尾張織田家の跡取り・信長は、美濃・齋藤家から帰蝶姫(濃姫)を嫁に迎えようとする直前、突如逐電する。
慌てた父・信秀と家臣の平手政秀は、窮余の策として信長の身代わりを仕立てて祝言に臨ませることにしたが、なんとその替え玉は女のコだった。
戦国の史実を巧みに織りまぜながら展開する戦国替え玉アットホームコメディ。

Impression

歴女ブームを当て込んでか、ちょっと畑違いにも思える「まんがくらぶオリジナル」誌で掲載されている戦国四コマです。
まぁ、正直なところ、萌えるかというと、んん〜、まぁかわいいとは思えるけど破壊力があるというわけではなし。
じゃあ歴史もの、信長が主人公なんだから燃えるかといわれれば、「くらオリ」掲載作品にそれを期待できるわけでもなく。
しかしじゃあつまらないかと言われれば。
いやいや、全然。とても楽しく、読んでいて思わず頬が緩んじゃう四コマ作品なんですよね〜。
信長に関する歴史上のエピソードをふんだんに絡めながらも、教科書的な堅苦しさはなく、天真爛漫なのぶながちゃんとツンデレな帰蝶ちゃんのかけあいの中で、あくまでアットホームな流れで進んでいくのがミソ。
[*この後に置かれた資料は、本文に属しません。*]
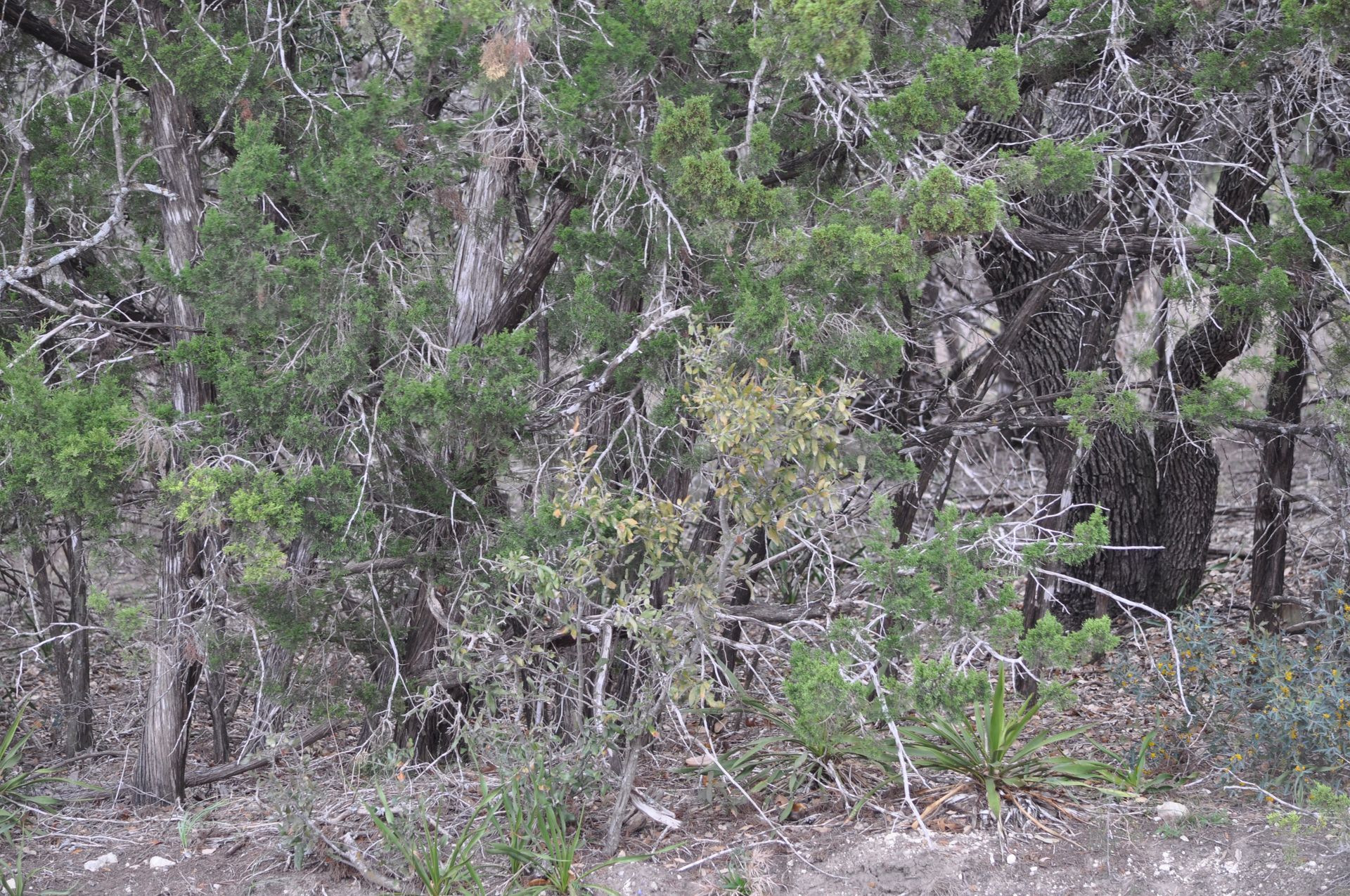 Dense green shrubs and dry tree trunks in a wooded area with leaf litter on the ground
それだけに、教科書に書かれていないエピソード、伝記や歴史小説に書かれていても頭に入ってこないエピソードが、すんなり胸の中に下りてくるんですよね〜。
それになんといってものぶながちゃんと帰蝶ちゃんのカップルは、一応百合カップルでありながら、ほんものの新婚さんのような初々しさ、微笑ましさがあって、新ジャンルのにやにや感が漂ってくるのです。
ディテールとライトさを兼備した、歴史好きな人もそうじゃない人も楽しめちゃう戦国コメディ。
一粒で何度でも楽しめる……いやいや、ひとつのお重をさまざまに楽しめる、尾張名物ひつまぶしのような四コマです。

Nobunaga-chan

本編の主人公が「のぶながちゃん」(本名不詳)。
信長失踪の秘密を知ってしまったばかりに、影武者に仕立てられてしまったちょっとかわいそうな境遇の女のコです。
が、のぶながちゃんはそんな境遇にめげることなく、武芸に励んでその大役をこなそうとしているんですから……天晴れですねぇ。
しかしまぁ、見かけは武士になり、武芸に励んでいるとは言ってもそこは女のコ。
うっかり女湯に入ってしまったり、真っ赤な衣装で評定に臨んだり、南蛮菓子に目がなかったりと、年頃の女のコらしいところもしっかり見せていて、思わず頬が緩んでしまいます。……まぁ、そんなことばかりやっているから、周囲からは「うつけ」と呼ばれてしまうわけなんですが(笑)。
そしてその行動原理は、武士の常識にとらわれない合理性と、母性本能から生まれる家族を思う気持ち、平和への願い。それがうまく実際の織田信長の事績とリンクしていて、読んでいると思わず「もしかして……本当に織田信長って、女のコだったのかも」って気持ちになっちゃうんですよね〜。
もちろん、黒髪ポニーテールの髪形と、満面の笑み、豊かな表情がつくる、中性的な魅力もチャームポイント。
帰蝶ちゃんにアタマが上がらないところもまた、チャームポイントですよね。

charactor

のぶながちゃんの奥さんが、帰蝶ちゃん。のぶながちゃんが女のコだとも知らず、気持ちいいまでのツンデレっぷりを発揮してくれる新妻です。言動は父・斎藤道三譲りの強気一辺倒で、とにかくプライドの高いお嬢様。それだけに、甘いものに目がない素顔や、ひとにからかわれるとすぐ真っ赤になるシャイさを時折垣間見せられると、ドキッとしちゃうんですよね〜。
いいキャラしてるな〜、というのが人質の竹千代。のちの徳川家康であります。のぶながちゃんに必要以上の接近遭遇を試みようと、脱衣所に忍び込んだり、風呂場に乗り込んだりと三河のエロ河童ぷりを発揮。しかし、のぶながちゃんにいくら殴られ、しばかれ、刑場に引きずられて行ってもしぶとく生き残っているあたり、戦国を生き抜いたしたたかなタヌキの片鱗が見えていますね。
準レギュラーながら存在感があるのは、帰蝶ちゃんのパパ、斎藤道三。「美濃のマムシ」の異名をとる強面で、織田家のライヴァルではあるんですが、帰蝶ちゃんに対する親パカっぷりで、イメージはガタ落ち。しかしその一方で、のぶながちゃんのよき理解者でもあり、なんとも印象に残るお義父さんなのです。

Guide

戦国を舞台にしつつも、あくまでアットホームな、ちょっと百合テイストの四コマ、という感じ。歴史に興味がない方でも、問題なくなじめると思います。
が、実際の織田信長の事績をアレンジしたエピソードが多く、その蘊蓄もしっかり。やはり教科書より一歩踏み込んだ知識を持っている方が、さらに深いニヤリ度を得られると思います。